Desde a entronização no Rock and Roll Hall of Fame até ao lançamento de uma nova digressão ('Sticky & Sweet Tour'), o ano de 2008 tem sido de grande actividade para Madonna — e também de constante presença nos media, protagonizando uma relação amor/ódio que, em boa verdade, é indissociável da sua história privada e artística.
Sem ser propriamente uma ingénua — hélas!, não há ninguém como a criadora de Like a Virgin para compreender as ambivalências e perversidades da exposição mediática —, Madonna é também uma das figuras públicas mais sistematicamente simplificadas na amplitude e diversidade do seu trabalho. Para nos ficarmos por um exemplo óbvio e recente, é possível encontrarmos páginas e páginas de gratuita especulação sobre o aspecto "suspeito" de Madonna numa banal fotografia de paparazzi, ao mesmo tempo que pouco ou nada se diz sobre o seu envolvimento na campanha Raising Malawi [cartaz], de apoio a um milhão de órfãos da sida naquele país africano.
Há, por isso, uma desproporção entre o que, em termos mediáticos, Madonna supostamente "diz" ou "faz" e os acontecimentos específicos da sua carreira. Ironicamente, a componente mais secundarizada é aquela que, de uma maneira ou de outra, sustenta todos os desenvolvimentos do seu trabalho — a música.
Vale a pena, assim, recordar três temas que, embora de forma restrita, podem simbolizar a pluralidade do seu labor musical.
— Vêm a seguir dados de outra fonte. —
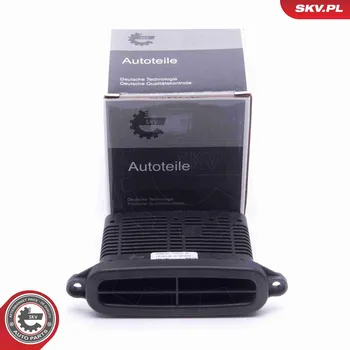 Řídící jednotka Řídící jednotka, osvětlení ESEN SKV 59SKV161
O primeiro, Live to Tell (Madonna/Patrick Leonard) pertence ao terceiro álbum de estúdio de Madonna, True Blue (1986), e pode resumir um vector constante da sua actividade: a valorização do modelo canção e, em particular, a sua colagem a todo um romanesco que não é estranho ao património cinéfilo — Live to Tell acabou por se transformar na canção-tema de At Close Range/À Queima Roupa (1986), filme de James Foley, com Sean Penn e Christopher Walken.
Oh Father (Madonna/Patrick Leonard) pertence a Like a Prayer (1989), quarto ábum de estúdio de Madonna e ilustra de forma crua a relação com o pai, figura tensa e contraditória na história pessoal de Madonna, quanto mais não seja porque a mãe morreu pouco depois de ela fazer cinco anos — embora a canção desemboque numa forma de reconciliação, os seus versos de abertura dizem: "It's funny that way, you can get used / To the tears and the pain / What a child will believe / You never loved me." O respectivo teledisco, prodigiosamente dirigido por David Fincher, inspira-se directamente em alguns aspectos cénicos e iconográficos de O Mundo a Seus Pés (1941), de Orson Welles.
Enfim, Has to Be (Madonna/William Orbit/Patrick Leonard) provém do sétimo álbum de estúdio de Madonna, Ray of Light (1998), e é um reflexo modelar da sua relação criativa com o espaço multifacetado das electrónicas — é uma raridade, pelo menos deste lado do planeta, uma vez que apenas integrou a edição japonesa do álbum.
Tem algo de paradoxal que 2008 seja também o ano em que Madonna se reafirma no espaço cinematográfico, por um lado lançando o seu primeiro trabalho como realizadora, Filth and Wisdom, por outro lado produzindo I Am Because We Are, uma realização de Nathan Rissman, sobre a situação humanitária no Malawi e, em particular, a acção da fundação Raising Malawi.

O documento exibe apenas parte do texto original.